Entrance Cairns and Gates
The design for the Twin Towers which dominate the upper entrance to Shibden Park’s Dry Stone Walls in Yorkshire exhibition is influenced by the triangular piles of stones (Cairns) marking the pathways in much of Yorkshire’s upland landscape. The pieces which protrude from the top of cairns are ‘throughs’ that tie the top stones.
The wrought iron gate was made by Baxter, an associate member of the Worshipful Company of Blacksmiths. The ram’s head push, the crook at the hinged side and the traditional hurdle design all combine to establish the Dry Stone Walls in Yorkshire exhibit’s link with shepherding.
Entrance Cairns and Gates to the Dry Stone Walls in Yorkshire Exhibit at Shibden Park
How to Build a Basic Dry Stone Wall
Most of the freestanding double-skinned dry stone walls which define the British landscape are built using this basic method of dry stone walling comprising:
- First Lift
- Second lift
Footing – dry stone walling method
The wall is firstly marked out using a batter frame or rods and ties which determine the cross-section dimensions. Note that the foot of the wall is approximately twice the width at the top below the copestone forming an ‘A’ shape. The angle produced on the side of the wall is called the ‘batter’.
All vegetation is removed such as turf or moss and the shallow trench is scraped into the earth to support the footing stones which are sometimes dug in.
They are laid into and not along the wall (trace) and form a level base for the next course to sit upon. The stones chosen are usually the biggest and roughest which are secured and filled with carefully placed ‘hartings’. A good test is to walk on them to check if there is any movement.

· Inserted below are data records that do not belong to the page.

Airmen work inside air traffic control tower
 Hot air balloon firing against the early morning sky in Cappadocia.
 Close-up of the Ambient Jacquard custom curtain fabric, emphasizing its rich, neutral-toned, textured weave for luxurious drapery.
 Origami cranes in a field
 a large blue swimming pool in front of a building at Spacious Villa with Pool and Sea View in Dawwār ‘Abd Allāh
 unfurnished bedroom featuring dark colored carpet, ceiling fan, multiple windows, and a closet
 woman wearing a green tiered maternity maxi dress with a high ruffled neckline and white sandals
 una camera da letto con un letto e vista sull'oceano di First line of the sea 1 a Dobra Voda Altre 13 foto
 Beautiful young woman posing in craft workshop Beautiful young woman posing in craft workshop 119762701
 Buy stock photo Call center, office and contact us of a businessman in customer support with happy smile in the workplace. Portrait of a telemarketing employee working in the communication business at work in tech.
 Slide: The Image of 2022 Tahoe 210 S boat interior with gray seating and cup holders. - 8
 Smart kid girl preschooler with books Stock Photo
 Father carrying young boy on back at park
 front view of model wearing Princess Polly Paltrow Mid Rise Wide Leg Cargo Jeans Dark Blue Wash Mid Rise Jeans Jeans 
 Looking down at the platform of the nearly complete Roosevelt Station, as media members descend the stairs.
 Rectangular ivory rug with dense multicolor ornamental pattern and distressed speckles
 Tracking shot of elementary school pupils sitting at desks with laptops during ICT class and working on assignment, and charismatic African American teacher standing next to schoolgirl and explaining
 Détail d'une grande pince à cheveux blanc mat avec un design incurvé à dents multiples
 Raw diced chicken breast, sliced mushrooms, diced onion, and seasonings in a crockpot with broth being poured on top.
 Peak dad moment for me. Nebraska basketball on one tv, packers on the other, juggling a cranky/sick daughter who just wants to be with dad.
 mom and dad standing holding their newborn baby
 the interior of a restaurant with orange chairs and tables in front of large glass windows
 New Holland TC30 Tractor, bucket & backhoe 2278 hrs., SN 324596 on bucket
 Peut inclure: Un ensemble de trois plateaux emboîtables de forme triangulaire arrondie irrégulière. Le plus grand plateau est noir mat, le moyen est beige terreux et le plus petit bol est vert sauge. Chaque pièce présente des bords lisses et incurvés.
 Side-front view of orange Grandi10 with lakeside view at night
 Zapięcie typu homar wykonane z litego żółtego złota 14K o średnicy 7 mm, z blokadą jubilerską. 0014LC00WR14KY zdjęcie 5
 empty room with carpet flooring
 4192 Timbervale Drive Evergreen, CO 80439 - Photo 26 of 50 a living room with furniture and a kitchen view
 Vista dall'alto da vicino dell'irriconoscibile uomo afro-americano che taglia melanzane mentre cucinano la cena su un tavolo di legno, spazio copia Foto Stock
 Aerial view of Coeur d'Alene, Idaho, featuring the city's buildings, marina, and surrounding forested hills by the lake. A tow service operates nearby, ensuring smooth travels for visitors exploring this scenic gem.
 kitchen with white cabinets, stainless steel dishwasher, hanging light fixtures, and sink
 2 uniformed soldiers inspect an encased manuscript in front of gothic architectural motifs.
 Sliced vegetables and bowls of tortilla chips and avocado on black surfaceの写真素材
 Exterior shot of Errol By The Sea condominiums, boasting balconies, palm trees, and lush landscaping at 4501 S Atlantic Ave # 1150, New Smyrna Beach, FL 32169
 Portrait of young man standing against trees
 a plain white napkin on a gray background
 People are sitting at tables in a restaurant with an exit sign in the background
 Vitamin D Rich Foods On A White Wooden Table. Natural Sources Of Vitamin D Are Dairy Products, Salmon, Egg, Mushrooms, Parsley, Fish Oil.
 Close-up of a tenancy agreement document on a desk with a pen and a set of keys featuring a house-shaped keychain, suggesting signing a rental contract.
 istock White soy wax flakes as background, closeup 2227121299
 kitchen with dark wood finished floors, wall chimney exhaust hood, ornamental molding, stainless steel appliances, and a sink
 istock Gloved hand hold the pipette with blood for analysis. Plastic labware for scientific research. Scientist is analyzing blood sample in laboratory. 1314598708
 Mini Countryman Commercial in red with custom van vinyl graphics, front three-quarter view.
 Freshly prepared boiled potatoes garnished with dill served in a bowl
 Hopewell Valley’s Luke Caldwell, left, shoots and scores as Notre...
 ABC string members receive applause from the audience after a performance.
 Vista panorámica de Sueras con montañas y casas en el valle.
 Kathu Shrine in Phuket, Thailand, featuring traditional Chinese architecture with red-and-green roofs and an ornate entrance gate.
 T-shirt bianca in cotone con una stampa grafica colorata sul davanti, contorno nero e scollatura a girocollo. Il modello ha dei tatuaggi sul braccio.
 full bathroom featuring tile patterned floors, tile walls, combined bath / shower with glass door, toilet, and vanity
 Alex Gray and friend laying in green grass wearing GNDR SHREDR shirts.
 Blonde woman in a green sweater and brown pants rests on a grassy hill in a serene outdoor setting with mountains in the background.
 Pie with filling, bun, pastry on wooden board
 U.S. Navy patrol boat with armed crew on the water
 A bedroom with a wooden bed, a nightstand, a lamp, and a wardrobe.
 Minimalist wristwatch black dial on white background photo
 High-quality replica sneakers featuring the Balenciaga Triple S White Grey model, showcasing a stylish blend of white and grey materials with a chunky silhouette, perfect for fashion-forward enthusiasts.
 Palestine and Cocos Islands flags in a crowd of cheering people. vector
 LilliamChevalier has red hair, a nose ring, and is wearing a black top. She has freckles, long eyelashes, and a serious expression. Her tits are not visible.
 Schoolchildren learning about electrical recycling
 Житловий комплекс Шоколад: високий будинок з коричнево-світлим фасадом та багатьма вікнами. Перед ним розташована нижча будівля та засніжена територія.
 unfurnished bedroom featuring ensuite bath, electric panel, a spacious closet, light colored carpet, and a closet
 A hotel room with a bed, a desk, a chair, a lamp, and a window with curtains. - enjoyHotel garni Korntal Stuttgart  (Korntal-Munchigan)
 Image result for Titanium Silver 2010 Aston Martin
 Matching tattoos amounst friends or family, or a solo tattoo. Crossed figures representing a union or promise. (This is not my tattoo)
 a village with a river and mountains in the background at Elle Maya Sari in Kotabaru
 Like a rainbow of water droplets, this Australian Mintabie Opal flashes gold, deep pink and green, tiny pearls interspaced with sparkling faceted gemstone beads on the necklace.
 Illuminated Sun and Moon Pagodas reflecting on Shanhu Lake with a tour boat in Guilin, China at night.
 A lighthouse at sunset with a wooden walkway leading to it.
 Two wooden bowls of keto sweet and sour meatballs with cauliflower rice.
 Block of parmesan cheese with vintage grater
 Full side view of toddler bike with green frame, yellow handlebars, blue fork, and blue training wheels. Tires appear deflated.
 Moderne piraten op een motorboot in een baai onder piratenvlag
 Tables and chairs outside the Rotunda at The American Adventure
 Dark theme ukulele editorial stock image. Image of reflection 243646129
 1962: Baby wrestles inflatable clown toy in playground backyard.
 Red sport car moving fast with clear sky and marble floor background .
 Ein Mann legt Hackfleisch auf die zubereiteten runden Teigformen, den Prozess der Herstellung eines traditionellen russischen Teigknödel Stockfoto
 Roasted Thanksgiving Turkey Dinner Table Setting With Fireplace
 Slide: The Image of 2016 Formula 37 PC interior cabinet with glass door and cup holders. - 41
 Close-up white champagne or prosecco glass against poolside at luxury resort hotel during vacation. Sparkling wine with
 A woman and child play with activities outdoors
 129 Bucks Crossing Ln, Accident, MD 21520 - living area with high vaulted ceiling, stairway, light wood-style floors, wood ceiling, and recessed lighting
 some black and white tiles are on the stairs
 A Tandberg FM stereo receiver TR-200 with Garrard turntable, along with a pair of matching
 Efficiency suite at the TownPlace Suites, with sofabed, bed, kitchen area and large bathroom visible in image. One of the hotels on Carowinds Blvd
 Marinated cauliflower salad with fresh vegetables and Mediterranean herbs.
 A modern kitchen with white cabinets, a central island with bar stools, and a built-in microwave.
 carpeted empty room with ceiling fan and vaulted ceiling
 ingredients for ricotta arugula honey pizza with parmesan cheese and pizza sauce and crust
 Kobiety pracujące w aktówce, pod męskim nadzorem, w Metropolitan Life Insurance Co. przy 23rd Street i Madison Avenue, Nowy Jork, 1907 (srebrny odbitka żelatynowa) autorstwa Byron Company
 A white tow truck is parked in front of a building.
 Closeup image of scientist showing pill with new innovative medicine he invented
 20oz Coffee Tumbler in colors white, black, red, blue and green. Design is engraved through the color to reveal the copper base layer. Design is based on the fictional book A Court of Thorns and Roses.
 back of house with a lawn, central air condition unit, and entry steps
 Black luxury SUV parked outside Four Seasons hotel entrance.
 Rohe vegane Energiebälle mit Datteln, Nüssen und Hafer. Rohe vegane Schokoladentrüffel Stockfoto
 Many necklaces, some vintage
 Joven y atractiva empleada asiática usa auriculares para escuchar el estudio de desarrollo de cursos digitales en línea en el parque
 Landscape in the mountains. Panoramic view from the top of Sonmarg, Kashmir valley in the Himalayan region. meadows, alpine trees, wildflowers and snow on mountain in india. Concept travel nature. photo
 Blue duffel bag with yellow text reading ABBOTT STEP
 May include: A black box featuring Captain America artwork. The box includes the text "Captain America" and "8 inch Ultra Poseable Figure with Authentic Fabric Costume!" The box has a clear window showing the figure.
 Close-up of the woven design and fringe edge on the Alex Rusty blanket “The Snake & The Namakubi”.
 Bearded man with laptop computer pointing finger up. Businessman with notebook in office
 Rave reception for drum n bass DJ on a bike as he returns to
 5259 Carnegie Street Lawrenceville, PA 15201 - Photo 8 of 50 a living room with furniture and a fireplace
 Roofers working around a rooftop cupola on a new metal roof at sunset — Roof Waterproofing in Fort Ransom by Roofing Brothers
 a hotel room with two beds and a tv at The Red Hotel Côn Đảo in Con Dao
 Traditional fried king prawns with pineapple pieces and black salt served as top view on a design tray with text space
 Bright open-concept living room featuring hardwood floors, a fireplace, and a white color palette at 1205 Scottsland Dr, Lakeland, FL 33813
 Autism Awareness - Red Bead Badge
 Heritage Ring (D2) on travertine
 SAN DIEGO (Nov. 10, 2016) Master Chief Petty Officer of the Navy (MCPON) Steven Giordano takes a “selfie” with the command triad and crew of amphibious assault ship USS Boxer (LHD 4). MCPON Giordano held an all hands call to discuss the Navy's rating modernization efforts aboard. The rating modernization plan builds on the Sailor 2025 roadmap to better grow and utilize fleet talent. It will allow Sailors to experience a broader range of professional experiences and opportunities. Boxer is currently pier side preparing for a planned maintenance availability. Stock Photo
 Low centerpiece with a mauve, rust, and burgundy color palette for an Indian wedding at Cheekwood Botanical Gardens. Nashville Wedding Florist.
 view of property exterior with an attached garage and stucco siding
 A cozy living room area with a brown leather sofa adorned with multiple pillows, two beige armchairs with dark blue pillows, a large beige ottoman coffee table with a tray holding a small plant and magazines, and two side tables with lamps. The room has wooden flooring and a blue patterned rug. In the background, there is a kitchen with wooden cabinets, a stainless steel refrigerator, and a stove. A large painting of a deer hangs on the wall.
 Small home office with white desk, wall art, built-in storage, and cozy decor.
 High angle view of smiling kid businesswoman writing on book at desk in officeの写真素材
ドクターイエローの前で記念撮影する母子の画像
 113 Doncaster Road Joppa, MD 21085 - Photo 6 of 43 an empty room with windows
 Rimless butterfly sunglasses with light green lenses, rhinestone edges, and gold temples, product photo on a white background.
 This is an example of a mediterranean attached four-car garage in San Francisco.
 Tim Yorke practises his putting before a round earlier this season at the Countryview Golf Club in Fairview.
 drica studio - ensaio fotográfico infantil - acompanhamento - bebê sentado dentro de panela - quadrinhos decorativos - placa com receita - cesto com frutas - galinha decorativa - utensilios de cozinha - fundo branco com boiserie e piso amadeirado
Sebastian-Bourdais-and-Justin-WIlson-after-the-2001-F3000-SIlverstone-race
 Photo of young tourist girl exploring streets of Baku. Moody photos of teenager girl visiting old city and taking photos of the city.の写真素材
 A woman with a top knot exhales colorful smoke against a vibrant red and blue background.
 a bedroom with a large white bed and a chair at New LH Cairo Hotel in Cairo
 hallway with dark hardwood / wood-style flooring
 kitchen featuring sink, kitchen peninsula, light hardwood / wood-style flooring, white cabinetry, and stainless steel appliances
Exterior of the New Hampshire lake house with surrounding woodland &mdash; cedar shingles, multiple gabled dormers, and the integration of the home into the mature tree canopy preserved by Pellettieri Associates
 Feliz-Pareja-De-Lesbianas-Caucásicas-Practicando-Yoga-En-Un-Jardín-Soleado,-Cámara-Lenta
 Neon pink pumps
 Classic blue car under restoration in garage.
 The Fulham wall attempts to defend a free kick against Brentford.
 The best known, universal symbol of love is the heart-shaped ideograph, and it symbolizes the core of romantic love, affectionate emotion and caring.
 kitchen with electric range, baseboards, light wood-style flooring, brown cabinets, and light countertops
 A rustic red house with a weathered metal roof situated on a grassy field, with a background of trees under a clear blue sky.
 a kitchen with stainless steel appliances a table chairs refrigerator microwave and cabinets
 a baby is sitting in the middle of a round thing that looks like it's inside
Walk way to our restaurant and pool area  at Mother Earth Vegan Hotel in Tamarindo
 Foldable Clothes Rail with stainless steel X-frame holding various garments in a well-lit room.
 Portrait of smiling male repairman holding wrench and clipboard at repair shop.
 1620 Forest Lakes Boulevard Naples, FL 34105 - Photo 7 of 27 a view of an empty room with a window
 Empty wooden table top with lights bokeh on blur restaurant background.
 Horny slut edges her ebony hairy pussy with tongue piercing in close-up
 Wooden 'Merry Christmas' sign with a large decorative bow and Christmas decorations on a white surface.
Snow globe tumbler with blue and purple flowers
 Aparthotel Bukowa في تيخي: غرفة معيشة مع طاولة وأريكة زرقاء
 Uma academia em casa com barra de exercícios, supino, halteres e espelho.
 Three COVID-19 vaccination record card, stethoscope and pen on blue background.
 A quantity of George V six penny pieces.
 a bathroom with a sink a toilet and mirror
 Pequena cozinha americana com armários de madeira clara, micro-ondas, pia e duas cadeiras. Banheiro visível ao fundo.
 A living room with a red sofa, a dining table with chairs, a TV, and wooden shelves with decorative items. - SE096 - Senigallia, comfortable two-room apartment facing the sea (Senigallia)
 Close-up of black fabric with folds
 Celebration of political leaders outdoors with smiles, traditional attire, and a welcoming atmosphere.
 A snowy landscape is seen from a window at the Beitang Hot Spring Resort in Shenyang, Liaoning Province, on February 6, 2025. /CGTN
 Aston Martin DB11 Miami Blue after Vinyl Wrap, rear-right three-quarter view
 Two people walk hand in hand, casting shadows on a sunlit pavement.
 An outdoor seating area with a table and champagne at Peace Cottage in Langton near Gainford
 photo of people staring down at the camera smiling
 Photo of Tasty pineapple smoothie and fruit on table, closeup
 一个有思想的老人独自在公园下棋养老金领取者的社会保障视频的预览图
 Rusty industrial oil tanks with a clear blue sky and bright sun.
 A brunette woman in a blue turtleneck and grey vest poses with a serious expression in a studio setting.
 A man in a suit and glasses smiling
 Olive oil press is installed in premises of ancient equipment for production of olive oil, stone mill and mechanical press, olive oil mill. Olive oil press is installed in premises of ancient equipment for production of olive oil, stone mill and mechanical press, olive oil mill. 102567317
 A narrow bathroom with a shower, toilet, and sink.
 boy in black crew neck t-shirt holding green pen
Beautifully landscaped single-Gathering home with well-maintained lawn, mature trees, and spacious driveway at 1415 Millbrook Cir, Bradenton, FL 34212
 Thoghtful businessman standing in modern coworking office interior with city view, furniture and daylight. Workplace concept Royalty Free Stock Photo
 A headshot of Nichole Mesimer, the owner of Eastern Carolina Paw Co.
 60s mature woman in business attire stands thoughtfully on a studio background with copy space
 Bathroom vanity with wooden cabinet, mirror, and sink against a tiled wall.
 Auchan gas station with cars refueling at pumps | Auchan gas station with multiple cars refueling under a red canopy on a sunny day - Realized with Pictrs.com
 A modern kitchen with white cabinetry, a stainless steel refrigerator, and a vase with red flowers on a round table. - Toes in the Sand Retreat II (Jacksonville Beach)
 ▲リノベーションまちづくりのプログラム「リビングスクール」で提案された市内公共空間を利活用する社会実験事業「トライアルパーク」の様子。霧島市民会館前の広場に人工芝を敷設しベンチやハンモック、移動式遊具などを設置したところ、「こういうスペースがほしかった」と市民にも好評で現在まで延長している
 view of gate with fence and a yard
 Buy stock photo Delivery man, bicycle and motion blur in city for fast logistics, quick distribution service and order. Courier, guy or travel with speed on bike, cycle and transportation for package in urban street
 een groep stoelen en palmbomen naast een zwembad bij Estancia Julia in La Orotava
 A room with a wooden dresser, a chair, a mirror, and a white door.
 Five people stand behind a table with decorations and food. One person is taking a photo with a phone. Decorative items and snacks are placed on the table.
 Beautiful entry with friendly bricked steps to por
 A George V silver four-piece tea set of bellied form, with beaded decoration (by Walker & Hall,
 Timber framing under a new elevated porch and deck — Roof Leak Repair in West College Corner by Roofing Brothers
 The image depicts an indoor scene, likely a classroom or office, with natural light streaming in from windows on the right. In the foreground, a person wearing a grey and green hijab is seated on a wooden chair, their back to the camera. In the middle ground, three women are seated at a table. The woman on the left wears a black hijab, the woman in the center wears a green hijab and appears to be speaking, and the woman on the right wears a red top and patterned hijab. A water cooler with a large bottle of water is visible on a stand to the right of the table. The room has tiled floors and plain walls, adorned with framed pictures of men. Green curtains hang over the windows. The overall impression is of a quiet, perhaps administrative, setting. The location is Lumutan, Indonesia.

First Lift – dry stone walling method
Each course is built ensuring that all joints are crossed and that there are no running joints up the wall. Stones are placed into rather than along the wall, the largest at the bottom and decreasing in size as the wall lifts. A coursed wall is built with stones of the same height that follow each other along a course and a random wall is built with stones of which few are the same size.
Throughs – dry stone walling method
Throughs are large stones that extend across the wall at intervals of about one metre and tie the two sides of the wall below them together. They are left protruding at either side of field walls or can be trimmed in different ways according to practical or aesthetic requirements.
Second Lifts – dry stone walling method
Second lifts, like the first lift in a drystone wall, are tied into the course, the stones getting smaller in height with each course. The top of the wall is finished as a level as possible for the copestones to sit on.
Coverband – dry stone walling method
Where available, flat, bed slabs of stone can be laid across the top of the second lift, tying together the two sides of the wall. These are known as cover bands. They are particularly useful when the capstones are weighty but irregular in shape or short in length.
Copestones – dry stone walling method
Copestones should span the wall tying the two sides together and be tightly pulled against each other. There are at least five styles of copestone designs displayed at the Dry Stone Walls in Yorkshire exhibition at Shibden Park.
Corner – dry stone walling method
The corner of a wall is constructed in a similar way to the wall end or cheek end with occasional long pieces of stone coursed into and along the wall to add strength. Note that the batter on the corner accommodates the batter of each wall and it goes away from the corner.
Curve – dry stone walling method
There are a number of curved walls in Shibden Park’s Dry Stone Walls in Yorkshire exhibition. The most complicated in terms of technical construction is this wall which stretches from the rectangular Lunkey to the entrance cairns
Curving around and across the roots of the tree in the photograph, the wall follows a fairly level contour. Notice that throughs in this section have been left visible adopting a more traditional field wall construction. A lintel has been used to bridge a lateral root of the tree and this is only visible from the outside of the wall.
As the dry stone wall turns towards the entrance, echoing the circular sheepfold, you climb steeply and the building technique changes accordingly, the stones being laid horizontally and stepped into the slope.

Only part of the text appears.